• TASK PROMPT: Pictures are not repeated. Every line from the beginning of the entries through the one with "Vintage Gold 72mm" is restated exactly.

• SUPPLIED DATA:
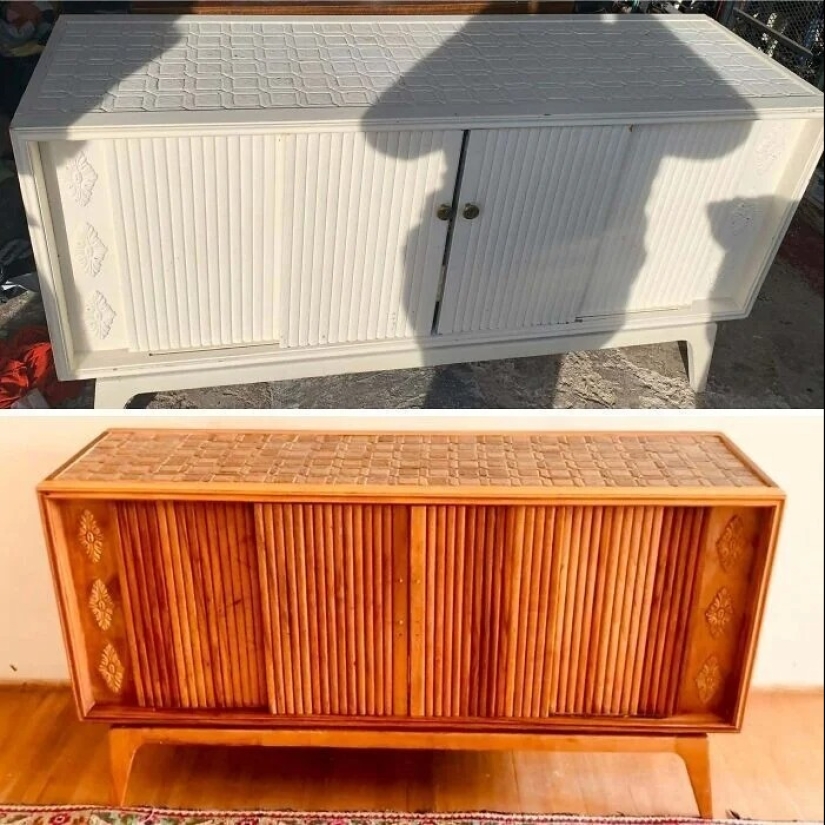 22 ejemplos de restauración de muebles de madera: fotos antes y después de quitar la pintura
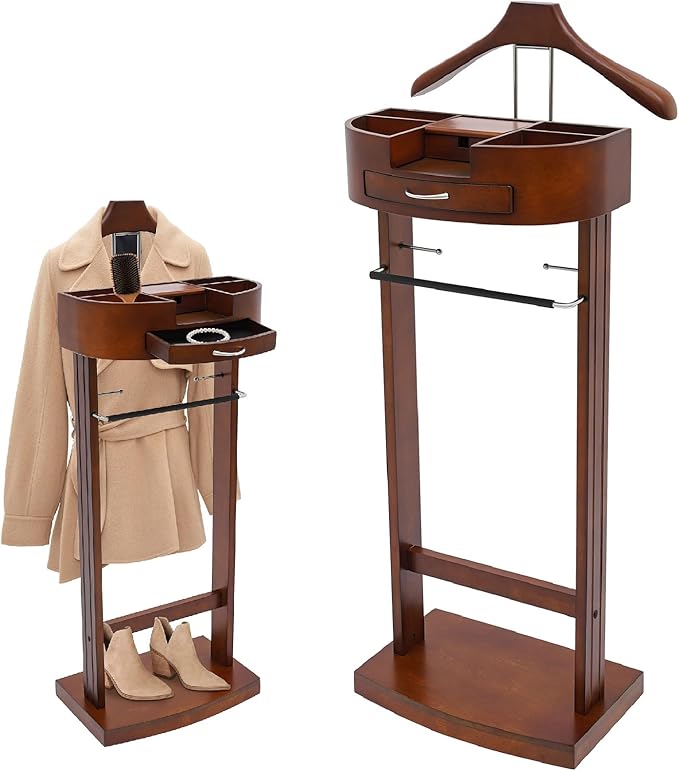 Wood Suit Rack, Vintage Birch Freestanding Clothing Valet Stand, Practical Valet Stand with Drawer and Trouser Holder, Wooden Contoured Coat Rack for Suits, Pants, Ties (Brown)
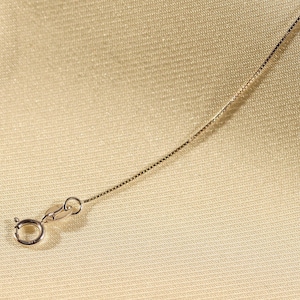 14K Solid White Gold Box Chain Necklace, Dainty Silver Chain Necklace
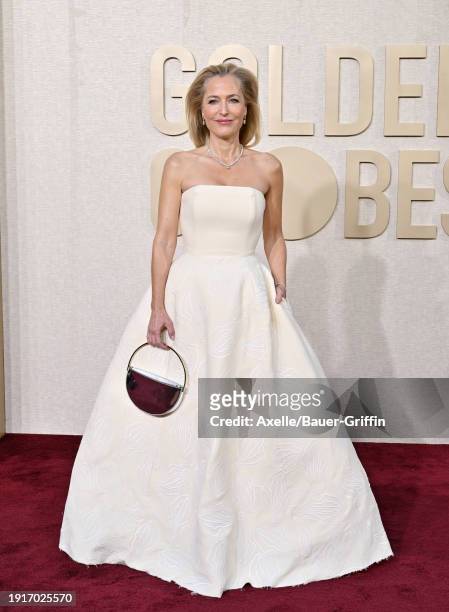 Gillian Anderson attends the 81st Annual Golden Globe Awards at The Beverly Hilton on January 07, 2024 in Beverly Hills, California.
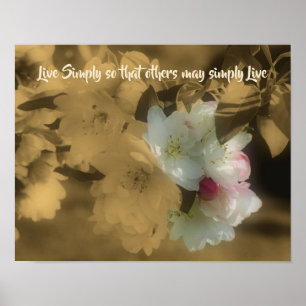 Live Simply Blossoms Inspirerend Quote Poster
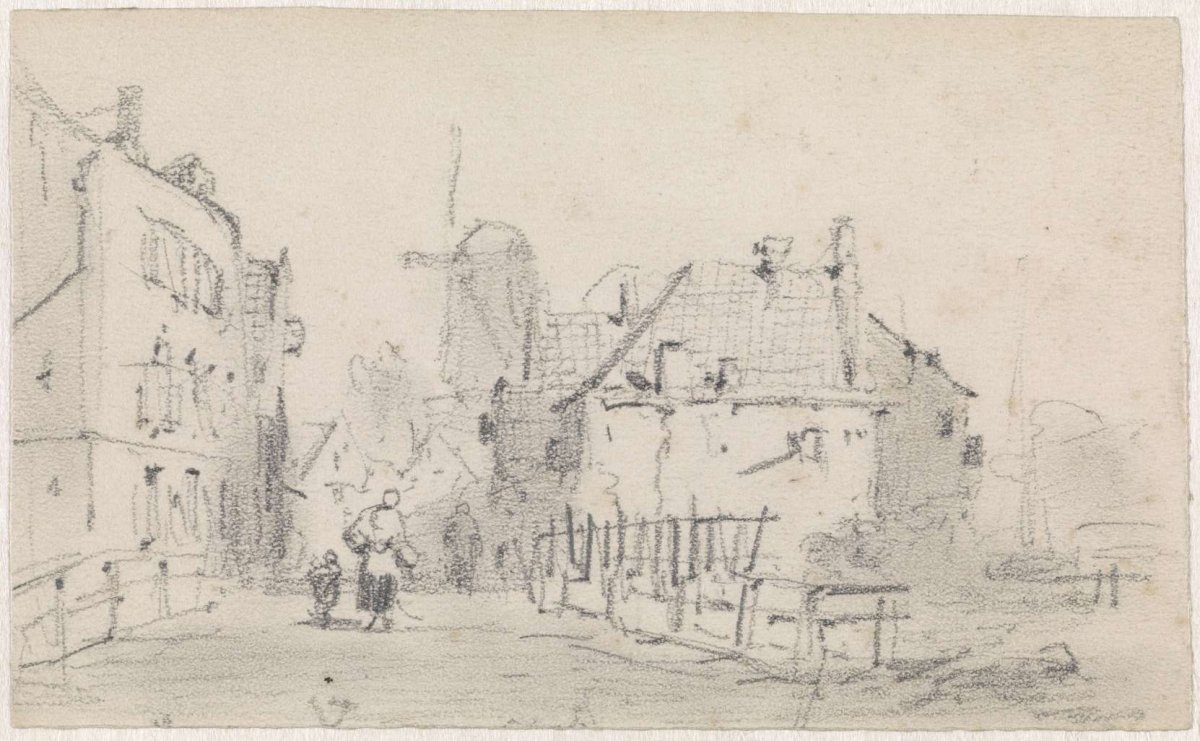 View of a town, Adrianus Eversen, 1828 - 1897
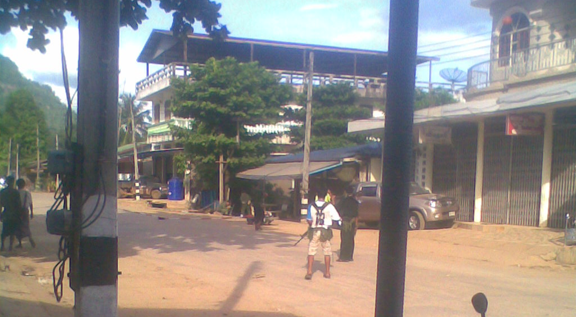 The government troops are investigating the town after the bomb attacked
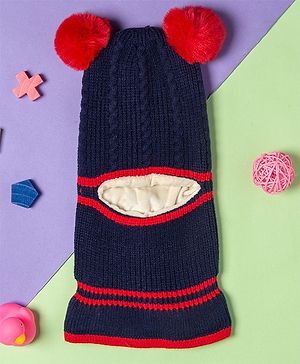 Baby Moo Pom Pom Detailing Monkey Cap - Navy Blue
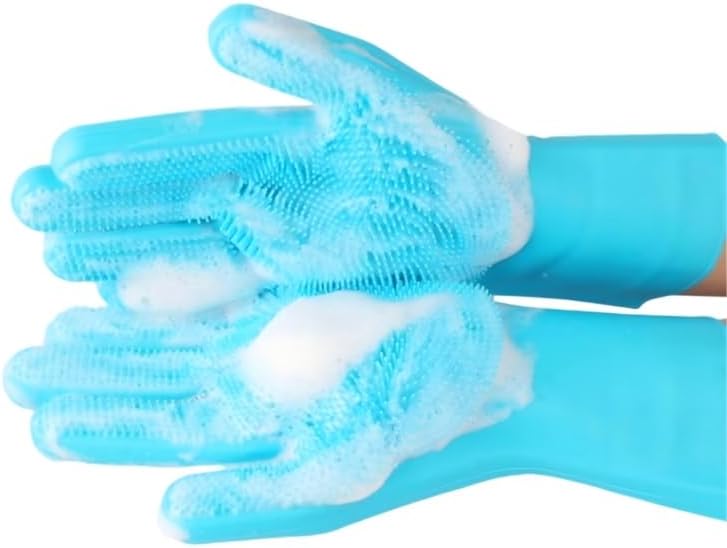 Pet Grooming Gloves, Heat Resistant Silicone Gloves，Silicone Hair Removal Mitt - Image 7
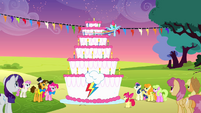 Rainbow spinning around the cake to blow all the candles S4E12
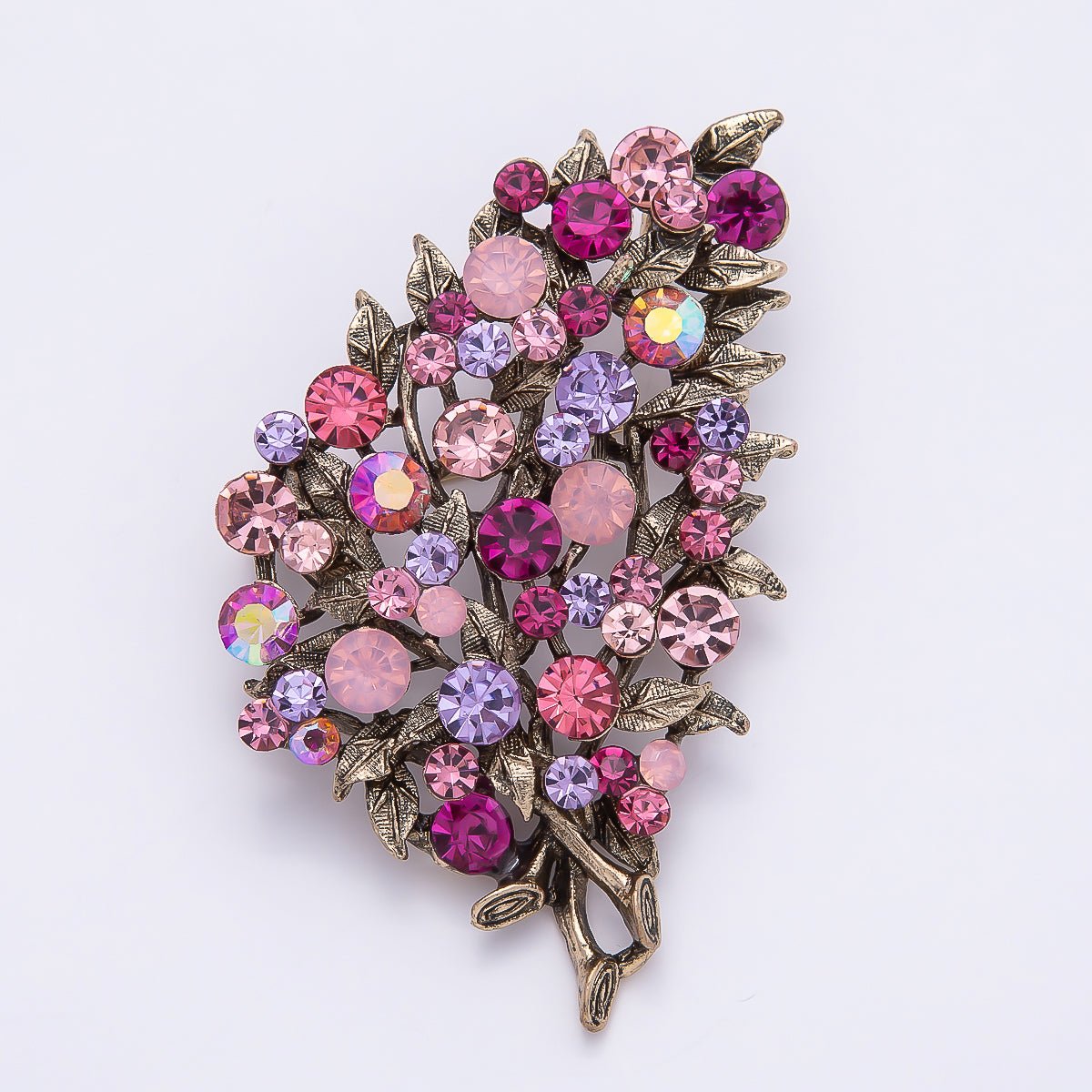 Vintage Gold 72mm x 43mm Green, Pink Rhinestone Flower Leaf Nature Pin Brooch | BH-125 BH-126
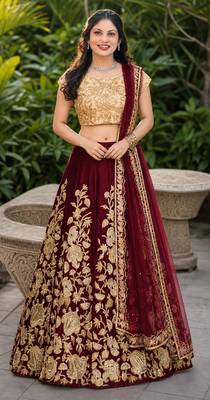 MAROON SEQUINS EMBROIDERED VELVET LEHENGA CHOLI SET FOR WOMEN'S 1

• THE COMPLETED TASK:
 22 ejemplos de restauración de muebles de madera: fotos antes y después de quitar la pintura
 Wood Suit Rack, Vintage Birch Freestanding Clothing Valet Stand, Practical Valet Stand with Drawer and Trouser Holder, Wooden Contoured Coat Rack for Suits, Pants, Ties (Brown)
 14K Solid White Gold Box Chain Necklace, Dainty Silver Chain Necklace
 Gillian Anderson attends the 81st Annual Golden Globe Awards at The Beverly Hilton on January 07, 2024 in Beverly Hills, California.
 Live Simply Blossoms Inspirerend Quote Poster
 View of a town, Adrianus Eversen, 1828 - 1897
 The government troops are investigating the town after the bomb attacked
 Baby Moo Pom Pom Detailing Monkey Cap - Navy Blue
 Pet Grooming Gloves, Heat Resistant Silicone Gloves，Silicone Hair Removal Mitt - Image 7
 Rainbow spinning around the cake to blow all the candles S4E12
 Vintage Gold 72mm x 43mm Green, Pink Rhinestone Flower Leaf Nature Pin Brooch | BH-125 BH-126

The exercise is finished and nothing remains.